## DATA
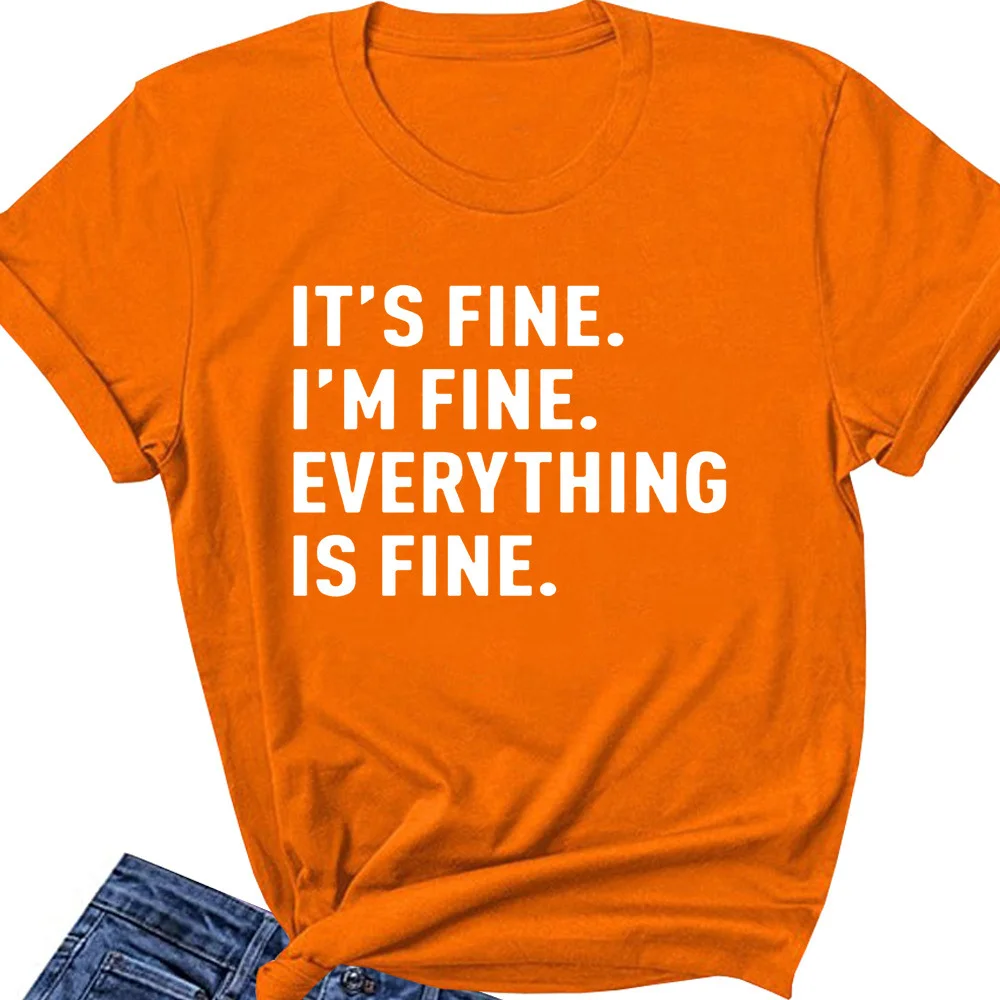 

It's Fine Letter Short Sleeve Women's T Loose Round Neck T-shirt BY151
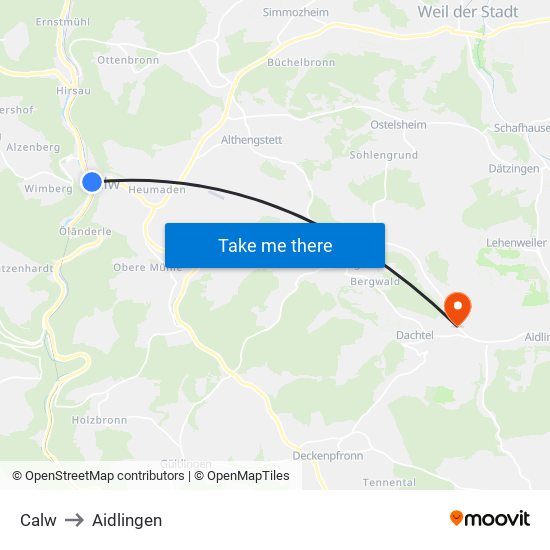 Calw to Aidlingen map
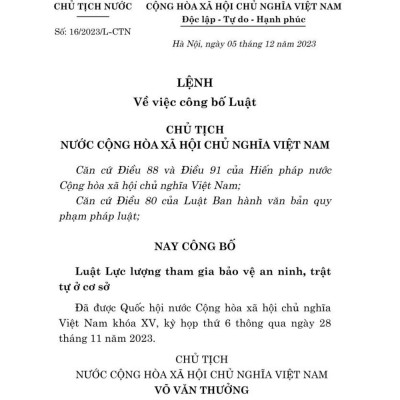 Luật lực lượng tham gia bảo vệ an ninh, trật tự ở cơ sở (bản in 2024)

## REQUIRED WORK
With the pictures removed, output the listing above exactly.

## RESPONSE BOX
It's Fine Letter Short Sleeve Women's T Loose Round Neck T-shirt BY151
 Calw to Aidlingen map
 Luật lực lượng tham gia bảo vệ an ninh, trật tự ở cơ sở (bản in 2024)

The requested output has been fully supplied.